1. ## Trigonometric equation

solve: cos(5x) + sin(x) = 0

I have that:

(sin(3x) + cos(3x))(cos(2x) - sin(2x)) = 0

therefore:

sin(3x) = -cos(3x) and cos(2x) = sin(2x)

from here I'm stuck... any help would be much appreciated

2. ## Re: Trigonometric equation

Let's look at the first factor and consider where:

$\sin(\theta)=-\cos(\theta)$

Divide through by $\cos(\theta)$ and so obviously $\cos(\theta)\ne0$:

$\tan(\theta)=-1$

$\theta=\frac{3\pi}{4}+k\pi=\frac{3\pi}{4}(4k+1)$ where $k\in\mathbb{Z}$.

So, what is $\theta$ in this case?

Can you use a similar method for the first factor?

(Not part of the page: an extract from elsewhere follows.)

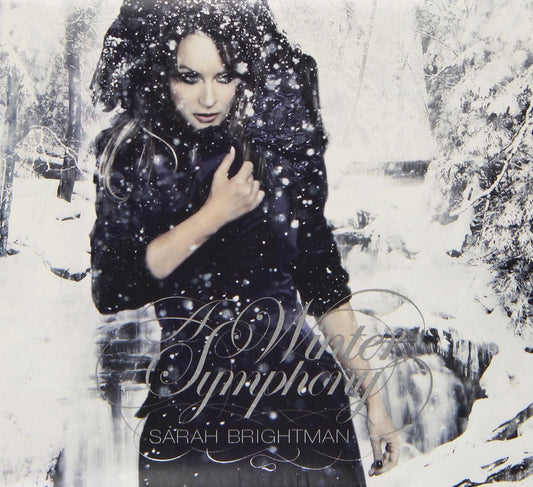 A Winter Symphony [Audio CD] Sarah Brightman and Brightman, Sarah - Very Good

3. ## Re: Trigonometric equation

Originally Posted by MarkFL2

Divide through by $\cos(\theta)$ and so obviously $\cos(\theta)\ne0$:
Do you mean that it is ok to divide by cos because it can't equal 0? (and therefore no solutions will be lost)

4. ## Re: Trigonometric equation

Yes, when cos(x) = 0 then sin(x) = ±1 and factors in the form we have cannot be zero.

5. ## Re: Trigonometric equation

Originally Posted by MarkFL2
Yes, when cos(x) = 0 then sin(x) = ±1 and factors in the form we have cannot be zero.
when cos(x) + sin(x) = 0 I can see how cos(x) cannot equal 0.

But when written as cos(x)(1 + tan(x)) = 0 cos(x) can be 0?

Could someone please try to explain this to me :}

6. ## Re: Trigonometric equation

Cos 5x + sin x = 0
OR
cos 5x + cos ( π/2- x )=0 [cos ( π/2- x )=sin⁡x ]
2 cos (5x+ π/2- x )/2 cos (5x-( π/2- x ) )/2=0
[ Because cos C + cos D = 2 cos (C+D)/2 cos (C-D)/2]
That gives
2 cos (4x+ π/2 )/2 cos (6x- π/2 )/2=0
Now from here you can solve the equation.